Bus masih tetap melaju. Semarang-Kendal-Pemalang Saiful lewati dengan harap-harap cemas. Entah Saiful harus menjawab apa ketika sampai di Tegal nanti. Jadi bingung lontang-lantung Saiful meracik majas jika membubuhi pertanyaan Abah nanti. Tak mungkin Saiful menimpalkan pada bangku-bangku kosong pada bus yang mulai bersih dari asap lintingan kretek itu.
***
Tepat ketika matahari hendak bersembunyi dibalik awan sore. Tepat ketika hentakkan adzan telah berlalu dengan iqomah si muadzin. Pemuda abad 21 itu mulai turun mengikuti satu-dua-tiga penumpang sebelumnya. Saiful berlalu, tanpa mengambil air wudlu dan sesegera mungkin menjalankan perintahNya. Saiful hiraukan saja lima waktu yang sudah menjadi kewajiban bagi muslim sepertinya. Lupa sudah ia akan jahannamNya. Mungkin setan telah benar-benar kencing di telinganya.
Seperti kata Abdullah Bin Mas’ud. Ada seorang pria mengisahkan kepada Rosulullah, tentang seorang yang tetap tidur dari malam hingga pagi. Rosulullah pun menanggapinya bahwa setan telah kencing di telinganya. Lebih parah!

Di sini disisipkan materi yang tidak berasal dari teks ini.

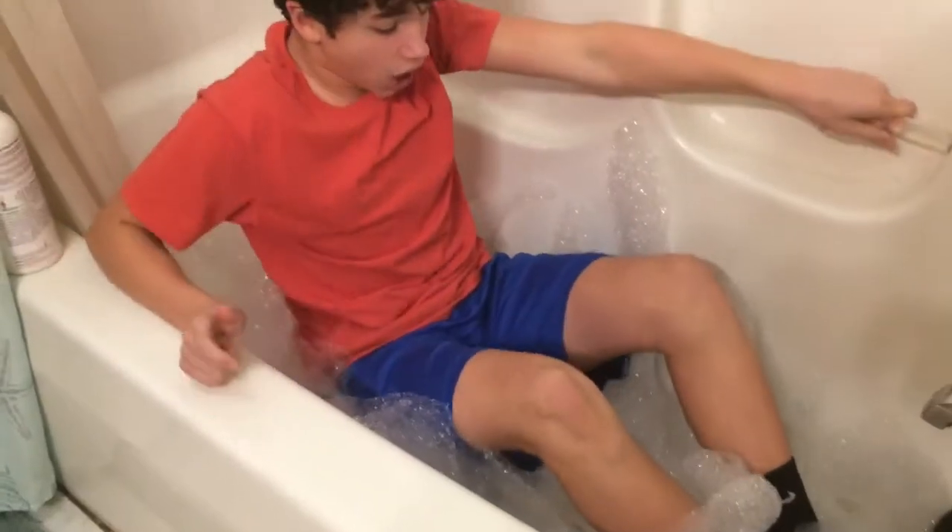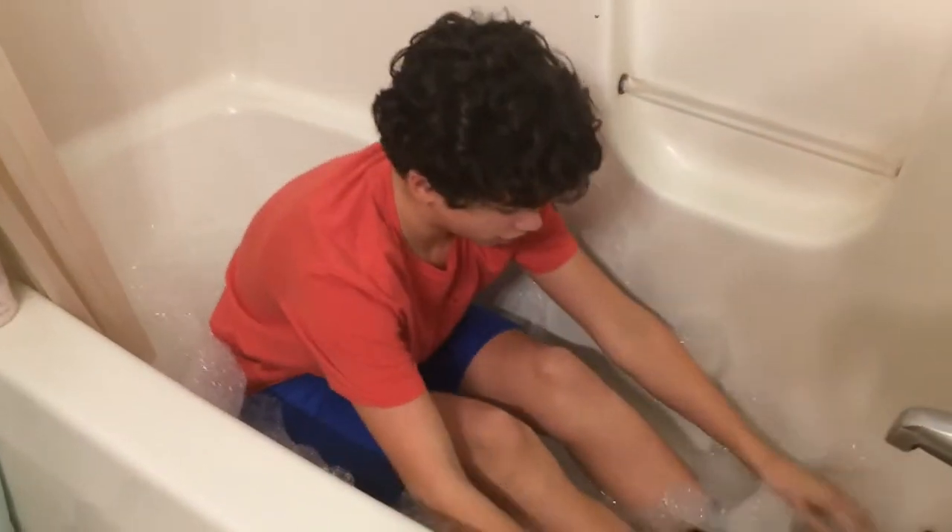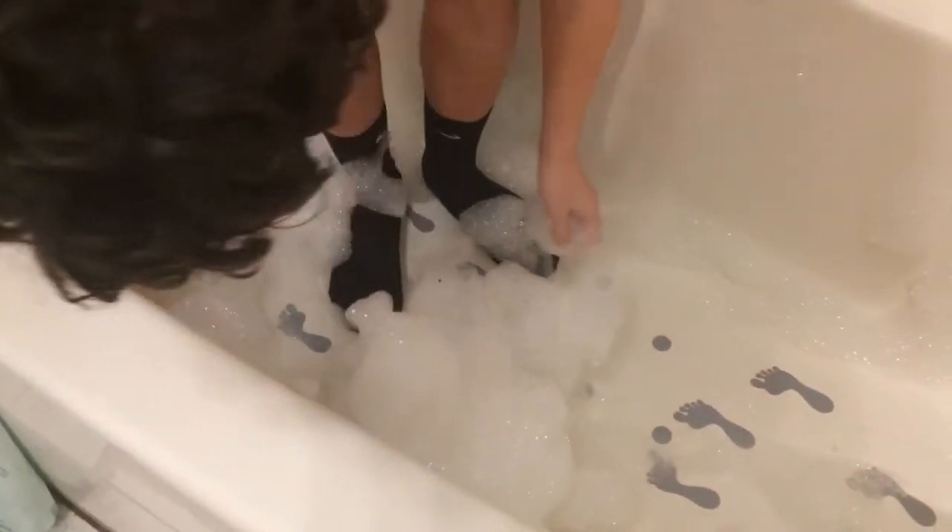Oh my god, it's wet on my butt. Oh my god, this feels so good. Like I said in the other video, why does it feel so good? I'm going to go under and push the giant — I want the like. Love it. Alright guys, I'm going under. I should probably get under this one.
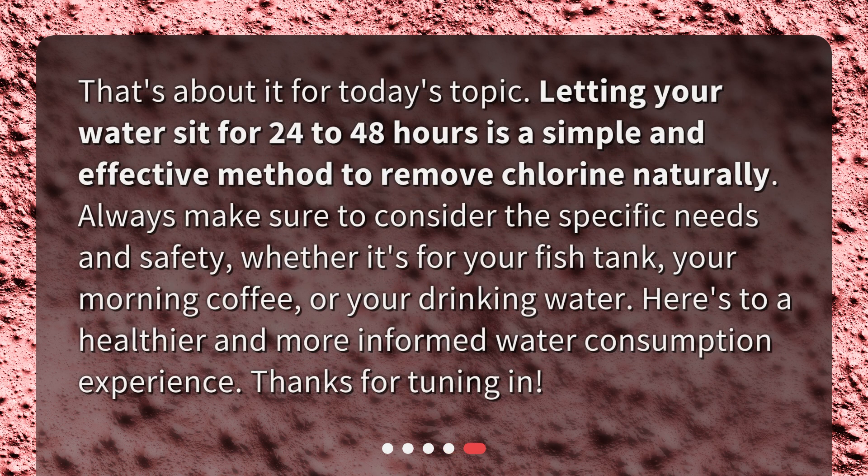That's about it for today's topic. Letting your water sit for 24 to 48 hours is a simple and effective method to remove chlorine naturally. Always make sure to consider the specific needs and safety, whether it's for your fish tank, your morning coffee, or your drinking water. Here's to a healthier and more informed water consumption experience. Thanks for tuning in.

Karena saiful bukan pada posisi tertidur.
Dinding musholla yang bertuliskan “Tidakkkah engkau takut akan neraka Waill yang telah Allah persiapkan, jika engkau menyia-nyiakan shalat, menuruti hawa nafsu, ataukah takut jika duniamu meniggalkanmu dari pada Firdaus-Nya yang kekal......” tak menghipnotis Saiful sekalipun. “masa bodoh..” Langsung saja Saiful masuk ke sebuah angkutan kuning dan menyalakan api pada lintingan kretek, kemudian menjulurkannya ke mulut tipis Saiful. “hmm...”
Kembali lagi Saiful menapakkan kaki di kampung halaman. Setelah Saiful ulurkan beberapa lembar ribuan kepada kernet angkot. Kali kedua dalam sebulan terakhir. Ironis, Satu-dua wanita paruh baya mulai menanyakan kepulangannya. Namun Saiful hanya menjawab dengan senyuman kecut andalannya. Tak jauh beda seperti pada kali pertama. Tak pernah terlintas dalam benak Saiful tentang kesayogyaan yang selayaknya tidak dilakukan seorang santri. Oblong biru dan jeans pensil yang Saiful kenakan semakin membubuhi buah bibir para tetangga. Lupa sudah ia akan pecinya. Entahlah, Abah dan Umi pasti mengurut dada kali menyaksikan kenylenehan anaknya.
Belum sampai Saiful menggantungkan oblong birunya. Abah masuk ke kamar Saiful dengan tensi kemarahan yang kian merambah keubun-ubun. Meluap, dan turun deras ke punggung belakang Saiful. Tentunya melalui tangan seorang Petani yang makin merenta itu. Saiful linglung,
“apa yang sebenarnya terjadi; Kulo salah nopo???”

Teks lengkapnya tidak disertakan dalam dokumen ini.